Three Tier Distribution Architecture

Three-Tier Distribution Architecture

Robert Hirschfeld

(RobertHirschfeld, hirschfeld@rz.tu-ilmenau.de, 30. July 1996)

Abstract

When designing distributed applications for enterprise information systems, you have to decide how to distribute application functionality or responsibility between distributed processing contexts in order to optimize the usage of components and resources involved. The three-tier distribution architecture describes the partitioning of your application functionality into three tiers: front-end clients, domain or application servers, and a storage and DB-server.

Name

Three-Tier Distribution Architecture

Aliases

Three-Tier Client/Server Architecture Balanced Client/Server Architecture

Context

You have to design applications for distributed enterprise information systems where usually some desktop components will access or modify shared resources, mostly located within a non-active database.

Problem

How can you partition application functionality or responsibility between distributed processing contexts best in order to optimize the usage of components and resources involved?

Forces

You can locate most of the application code on a client. The client has access to a database server that is shared with all other clients using the vendor-supplied API. Even if this architecture is very simple and easy to build, this leads to the so called fat-client problem, addressed by most of the following forces.

When putting most or all application code on the clients, they (the clients) have to request or download all the data they need to fulfill their business tasks. This is sometimes too inefficient. The network becomes overloaded when many clients request a great amount of data (or objects).
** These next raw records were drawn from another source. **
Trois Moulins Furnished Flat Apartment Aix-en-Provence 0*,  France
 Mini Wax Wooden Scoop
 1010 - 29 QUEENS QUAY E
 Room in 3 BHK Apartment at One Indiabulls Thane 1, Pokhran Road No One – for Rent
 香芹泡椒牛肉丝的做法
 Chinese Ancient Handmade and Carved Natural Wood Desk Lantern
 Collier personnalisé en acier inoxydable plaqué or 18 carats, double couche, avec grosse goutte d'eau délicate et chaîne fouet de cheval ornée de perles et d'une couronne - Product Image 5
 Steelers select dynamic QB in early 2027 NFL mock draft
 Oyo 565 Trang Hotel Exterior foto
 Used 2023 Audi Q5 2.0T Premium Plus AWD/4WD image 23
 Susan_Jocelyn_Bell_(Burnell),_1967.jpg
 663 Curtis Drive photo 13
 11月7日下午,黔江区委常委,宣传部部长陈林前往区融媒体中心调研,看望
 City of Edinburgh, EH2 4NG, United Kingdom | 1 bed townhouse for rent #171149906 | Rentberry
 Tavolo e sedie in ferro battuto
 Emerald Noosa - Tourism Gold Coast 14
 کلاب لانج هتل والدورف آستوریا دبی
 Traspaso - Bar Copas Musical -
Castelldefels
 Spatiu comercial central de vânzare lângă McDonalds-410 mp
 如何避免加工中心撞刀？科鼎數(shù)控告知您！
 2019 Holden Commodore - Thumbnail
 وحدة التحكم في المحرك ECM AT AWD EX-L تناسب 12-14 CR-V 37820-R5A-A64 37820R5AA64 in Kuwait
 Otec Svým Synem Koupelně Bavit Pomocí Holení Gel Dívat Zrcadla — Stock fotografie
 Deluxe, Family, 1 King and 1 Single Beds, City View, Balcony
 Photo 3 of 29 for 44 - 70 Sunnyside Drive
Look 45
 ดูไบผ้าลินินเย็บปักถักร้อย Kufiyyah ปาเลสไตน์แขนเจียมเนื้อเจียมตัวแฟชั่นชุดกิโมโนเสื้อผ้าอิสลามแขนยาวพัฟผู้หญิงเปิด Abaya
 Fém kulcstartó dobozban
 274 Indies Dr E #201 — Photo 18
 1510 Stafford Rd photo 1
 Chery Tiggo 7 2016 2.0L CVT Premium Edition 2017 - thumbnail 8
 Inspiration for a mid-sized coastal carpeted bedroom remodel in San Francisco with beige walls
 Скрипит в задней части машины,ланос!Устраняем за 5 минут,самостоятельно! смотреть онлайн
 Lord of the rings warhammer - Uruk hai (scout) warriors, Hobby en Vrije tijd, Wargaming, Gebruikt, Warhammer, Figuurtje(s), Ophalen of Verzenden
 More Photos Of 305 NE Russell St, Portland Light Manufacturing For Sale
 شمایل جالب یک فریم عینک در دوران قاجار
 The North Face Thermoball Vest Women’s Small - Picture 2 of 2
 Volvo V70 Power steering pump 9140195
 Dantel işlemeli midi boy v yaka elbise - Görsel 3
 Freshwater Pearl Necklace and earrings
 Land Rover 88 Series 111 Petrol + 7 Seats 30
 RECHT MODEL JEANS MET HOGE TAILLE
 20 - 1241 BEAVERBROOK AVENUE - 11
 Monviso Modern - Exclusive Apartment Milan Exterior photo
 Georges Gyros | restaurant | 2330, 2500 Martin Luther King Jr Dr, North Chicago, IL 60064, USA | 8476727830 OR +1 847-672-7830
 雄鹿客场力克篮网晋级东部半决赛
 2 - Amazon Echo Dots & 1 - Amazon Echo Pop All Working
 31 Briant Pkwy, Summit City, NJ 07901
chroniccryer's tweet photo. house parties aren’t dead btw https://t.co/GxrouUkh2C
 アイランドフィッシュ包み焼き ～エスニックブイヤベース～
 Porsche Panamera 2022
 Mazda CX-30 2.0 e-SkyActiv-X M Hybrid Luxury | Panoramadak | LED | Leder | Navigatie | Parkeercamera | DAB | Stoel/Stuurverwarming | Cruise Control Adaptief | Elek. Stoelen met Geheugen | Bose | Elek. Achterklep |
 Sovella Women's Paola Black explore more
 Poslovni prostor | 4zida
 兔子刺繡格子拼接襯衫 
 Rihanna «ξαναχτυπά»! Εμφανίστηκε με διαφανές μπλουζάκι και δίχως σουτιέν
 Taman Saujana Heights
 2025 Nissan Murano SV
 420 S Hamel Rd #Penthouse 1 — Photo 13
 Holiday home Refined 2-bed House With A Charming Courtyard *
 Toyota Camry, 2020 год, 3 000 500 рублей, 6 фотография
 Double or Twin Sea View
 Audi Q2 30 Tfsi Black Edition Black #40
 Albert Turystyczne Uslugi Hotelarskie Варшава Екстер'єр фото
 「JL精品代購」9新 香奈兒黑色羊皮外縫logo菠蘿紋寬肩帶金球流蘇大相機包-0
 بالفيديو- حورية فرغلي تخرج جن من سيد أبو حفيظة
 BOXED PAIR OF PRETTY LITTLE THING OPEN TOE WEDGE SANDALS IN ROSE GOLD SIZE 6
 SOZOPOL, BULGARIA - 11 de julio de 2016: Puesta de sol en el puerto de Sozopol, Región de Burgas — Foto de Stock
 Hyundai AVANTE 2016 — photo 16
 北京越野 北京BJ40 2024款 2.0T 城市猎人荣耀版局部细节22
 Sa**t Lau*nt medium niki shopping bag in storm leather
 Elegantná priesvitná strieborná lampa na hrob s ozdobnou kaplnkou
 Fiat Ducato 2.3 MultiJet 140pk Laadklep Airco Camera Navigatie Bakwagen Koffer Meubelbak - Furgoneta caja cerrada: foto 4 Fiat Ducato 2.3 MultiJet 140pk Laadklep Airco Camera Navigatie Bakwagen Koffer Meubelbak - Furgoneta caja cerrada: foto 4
Also if a client do not has the chance to delegate the processing of the requested data to another client, application performance or response time depends heavily on the power/efficiency of the system supporting this client.

If you rely on a vendor specific server API, you can estimate the effort to integrate that kind of server. On the other hand you will become too inflexible or fix at all, because it restricts you to a specific set of services the server places to the clients' disposal. If you are trying to prevent getting "locked into" a specific vendor once you build on top of their proprietary API, you can't use the built-in features of your database server dealing with concurrency control, transactional behavior and recovery directly. So you have to ensure consistency and availability of your application system on your own.

Using existing interfaces is constraining, but defining your own interfaces takes effort and is error prone.

Distributing the application code between clients and servers makes it more flexible and scaleable, but the larger the number of parts, the more complex a system seems, and the more failure points exist. Therefore the system becomes more difficult to maintain, too.

If your clients interact using a (non-active) database server, automatic change propagation is unsupported, or at best supported by highly vendor specific database triggers mechanisms. This may require continuous checking (polling) of the server to detect changes, resulting in extra network load. Depending of the polling time-frame some clients become inconsistent with the database for a while or may be affected by network traffic problems.

Solution

Partition your application functionality or responsibility into three tiers:

 * front-end clients
 * domain servers (also known as application servers)
 * persistence servers (storage and DB-servers)

This results in the so-called three-tier distribution architecture.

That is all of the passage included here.